------ Raw data ------
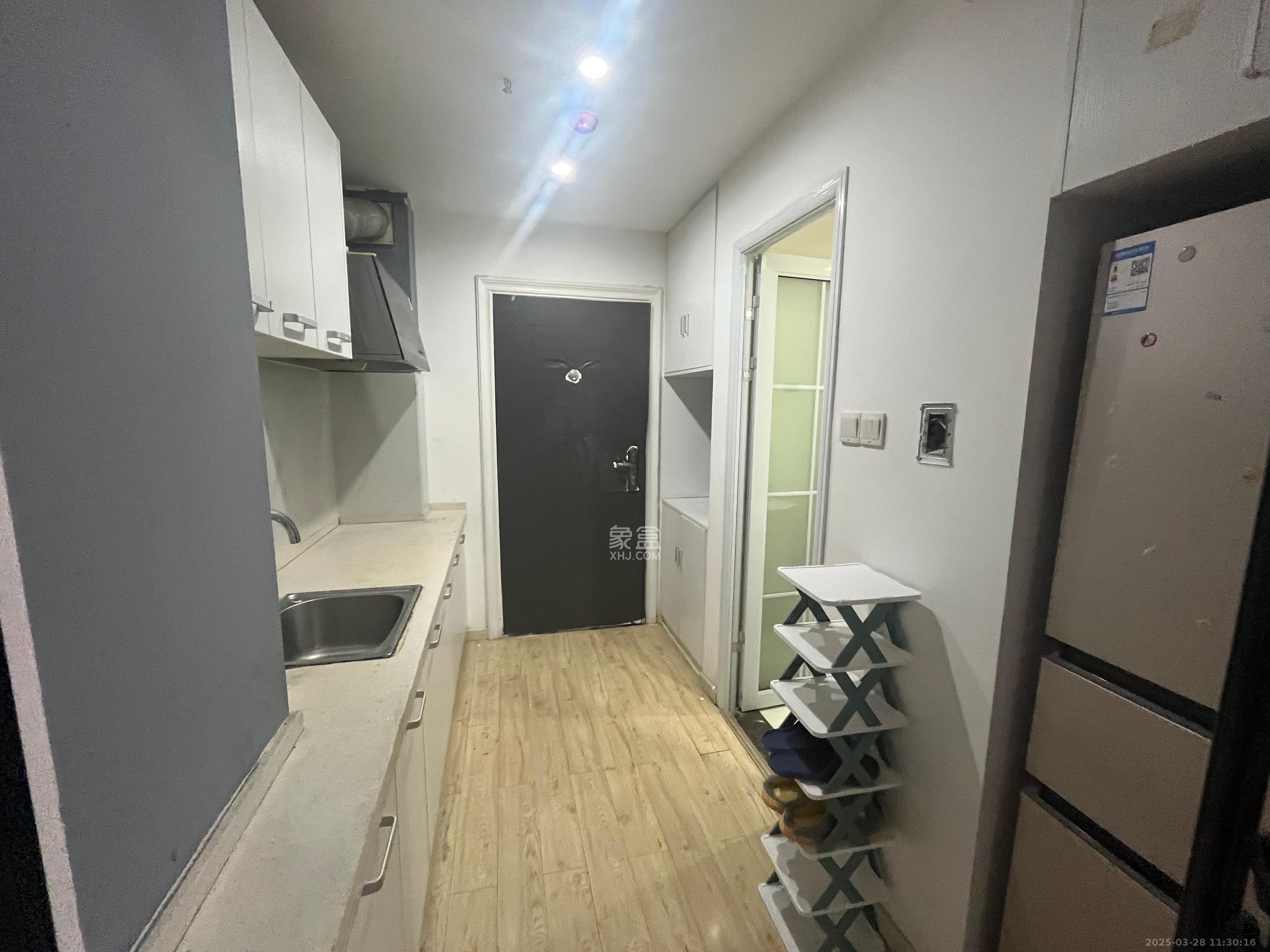 九峰远见  1室1厅1卫   1500.00元/月室内图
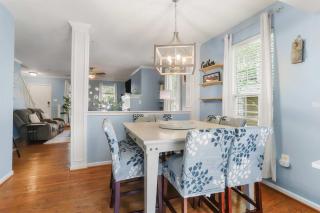 Sojourn 2BD in Alexandria Community Pool and Gym - 1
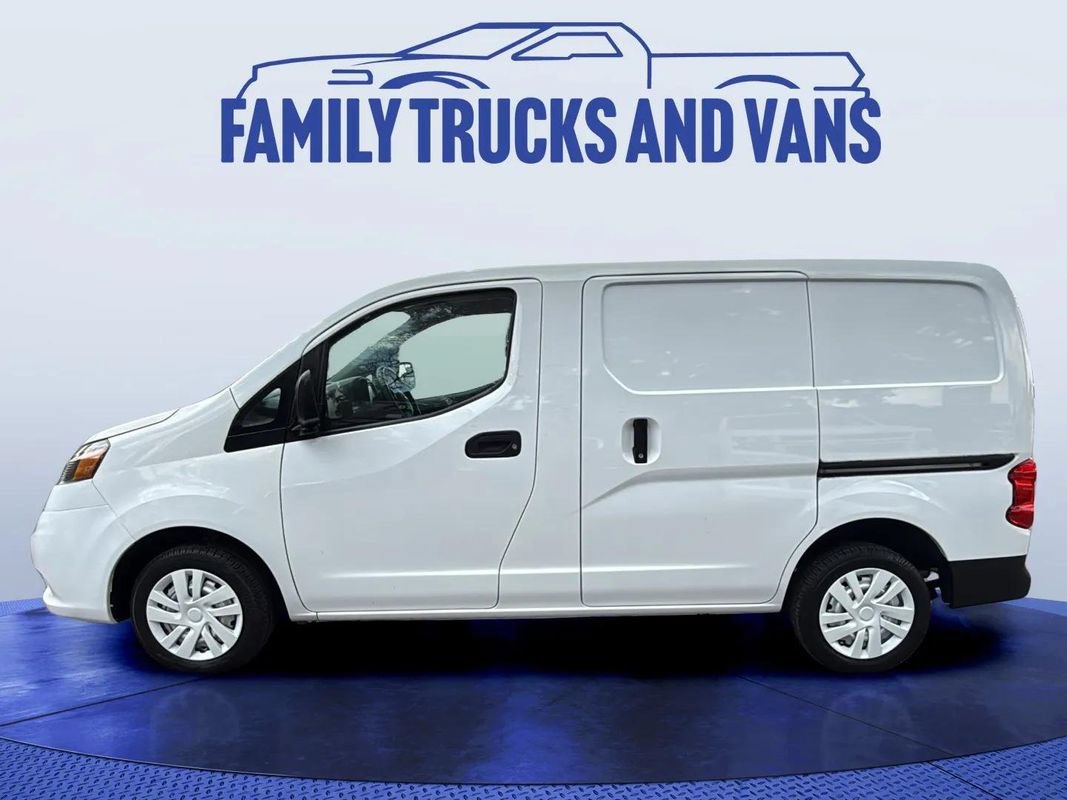 Used 2021 Nissan NV200 S FWD image 2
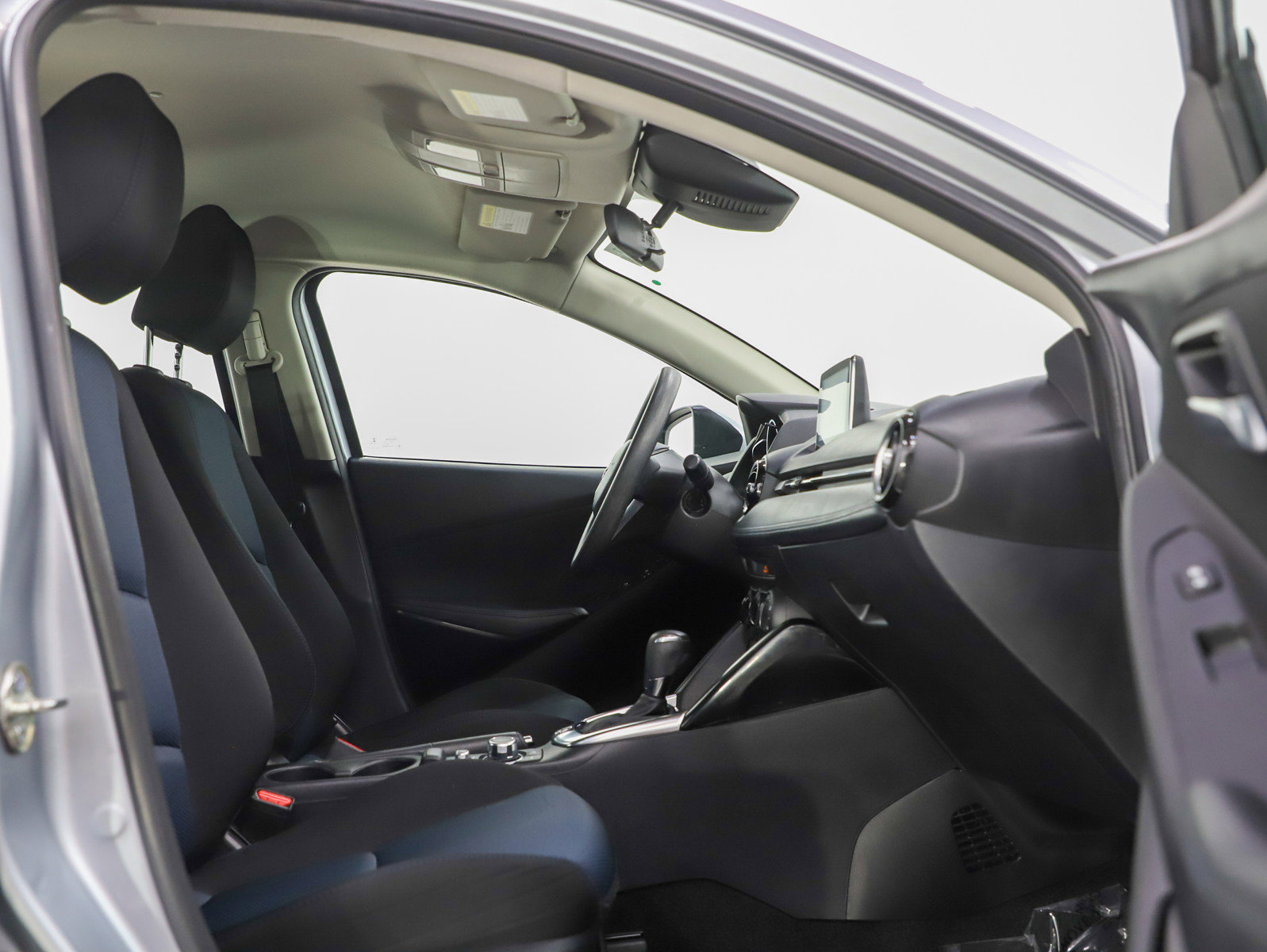 Used 2018 Toyota Yaris iA image 11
------
Directions:
Print the data above exactly, minus pictures.

Solved problem:
 九峰远见  1室1厅1卫   1500.00元/月室内图
 Sojourn 2BD in Alexandria Community Pool and Gym - 1
 Used 2021 Nissan NV200 S FWD image 2
 Used 2018 Toyota Yaris iA image 11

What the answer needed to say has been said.